R. KOSZARSKI: Yes, that's a different thing. The one we had before was 20 years ago, just a DVD. So, we're doing things like that. Now, what happened more recently is that they constructed this large film center, namely after the Barrymore family acting, who had made films in Fort Lee, called the Barrymore Film Center. You might look them up online. And the Barrymore Film Center has a beautiful theater, and they show sort of modern repertory cinema, and used to do exhibits. They're not doing too many exhibits anymore, but they decided to do other things with the space. But as part of this, a notion of celebrating the local history, we worked on this Blu-ray. And the Blu- ray project includes many of the titles that were only in DVD definition before. 

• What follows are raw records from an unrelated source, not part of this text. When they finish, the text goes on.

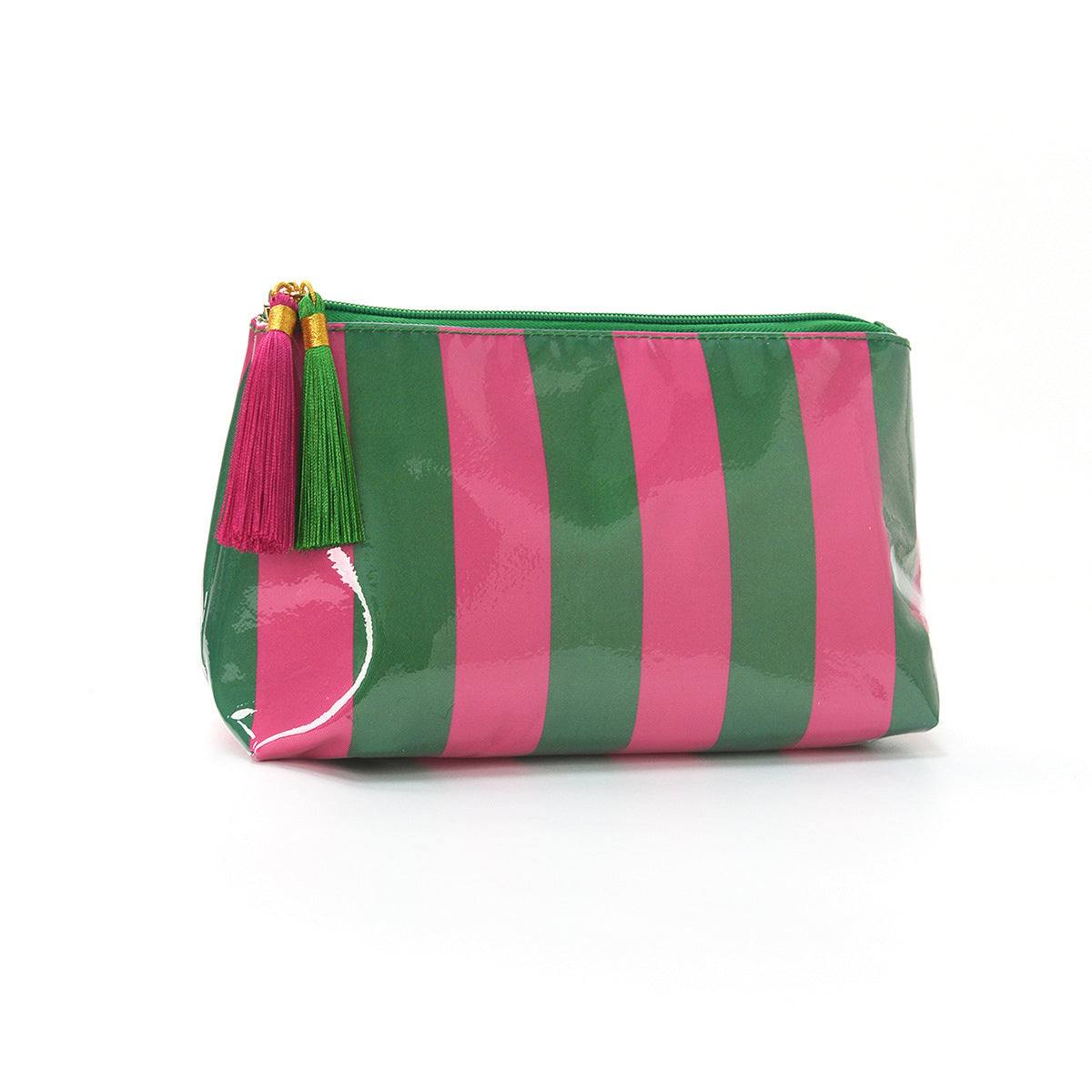 Tassel-Zip Glossy Striped Makeup Pouch - GRose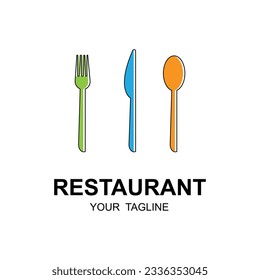 diseño de ilustración de icono del logotipo del restaurante vectorial con plantilla de lema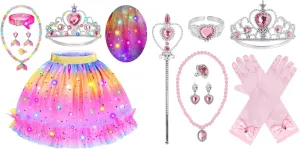 Princess Dress Up for Girls, Light Up Dress Up Clothes Toddler Toy,Kids Toys for 3-6 Year Old Girl Birthday Gift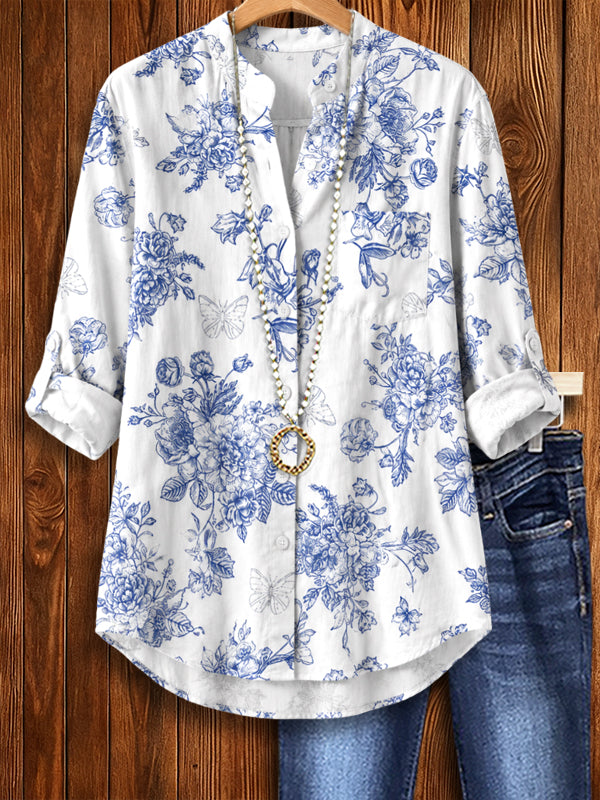 Blue Willow Button-Up Shirt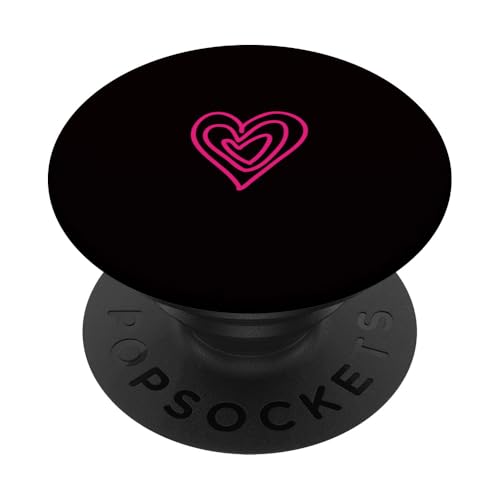 Hot Pink Love Heart Scribble Grafik auf schwarzem Hintergrund PopSockets Klebender PopGrip von Hand Drawn Minimalist Hot Pink Heart Design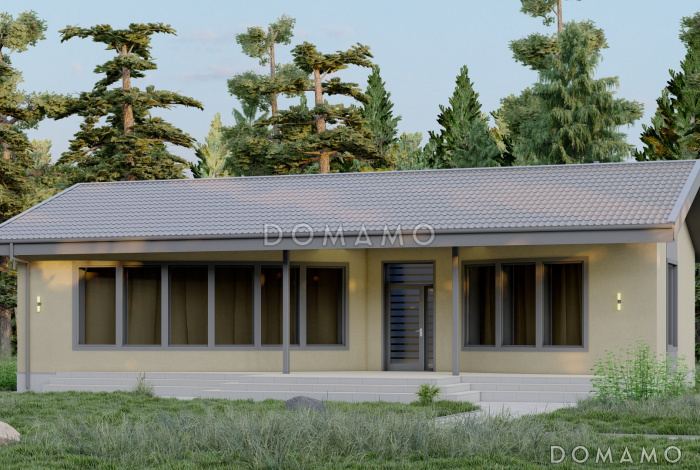 Проект одноэтажной бани с панорамным остеклением, крытой террасой, спальней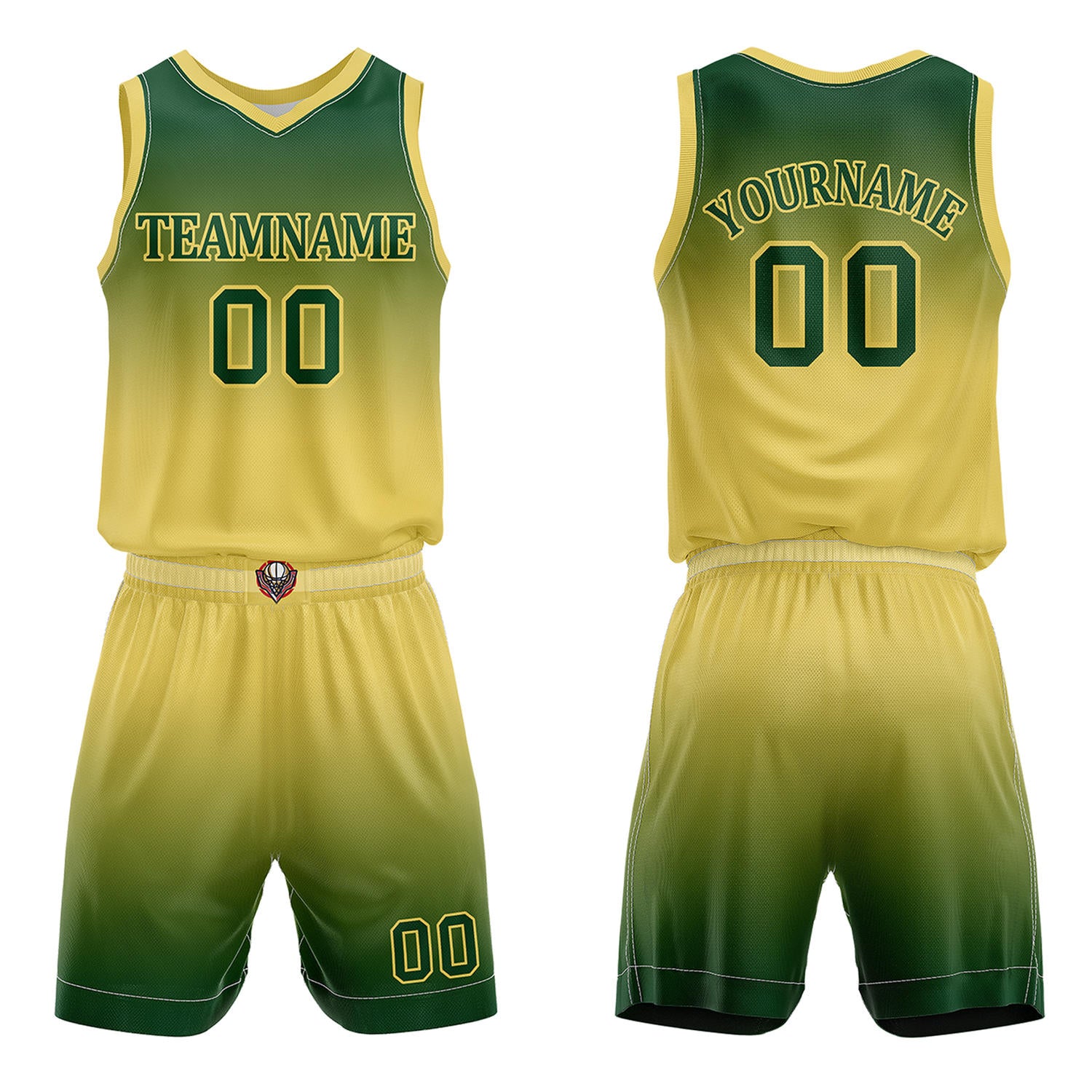 Custom Green & Yellow Gradient Basketball Jersey + Shorts Set - Personalized Team Name, Number | Vosoli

L.B.: And then, you upgraded them?

R. KOSZARSKI: Right, and now we are going for other films. So, we brought in some films from the Eye Film Museum, from the George Eastman Museum... We found even a talking feature, a sound feature, because this is mostly famous for its silent films, but it didn't disappear. Because when talking pictures came in, the studios were still there. Who were going to use them? Not the big companies, but people would put in like inexpensive sound recording equipment. And they said, independent producers who can't have access to Vitaphone or Movietone: “come here to me!” So, people like Oscar Micheaux made several films. Yiddish films were made in Fort Lee. Mormons came and made a film in Fort Lee or other studios around there. And many of these films are pretty well done. Everybody has Oscar Micheux’s films. Yiddish films are known. But we found an Edgar G. Ullmer film that was not known, one of his Ukrainian films, called Cossacks in Exile, which is a Ukrainian opera, and it was produced by this man from Canada, Vasyl Avramenko, who was a proponent of the Ukrainian diaspora, get the culture of the Ukrainian people together. So, they make this opera and not only is it an interesting production, which even has hand-colored scenes, because the Cossack village gets burned down and those scenes are colored by hand on the nitrate print, which we found in Canada.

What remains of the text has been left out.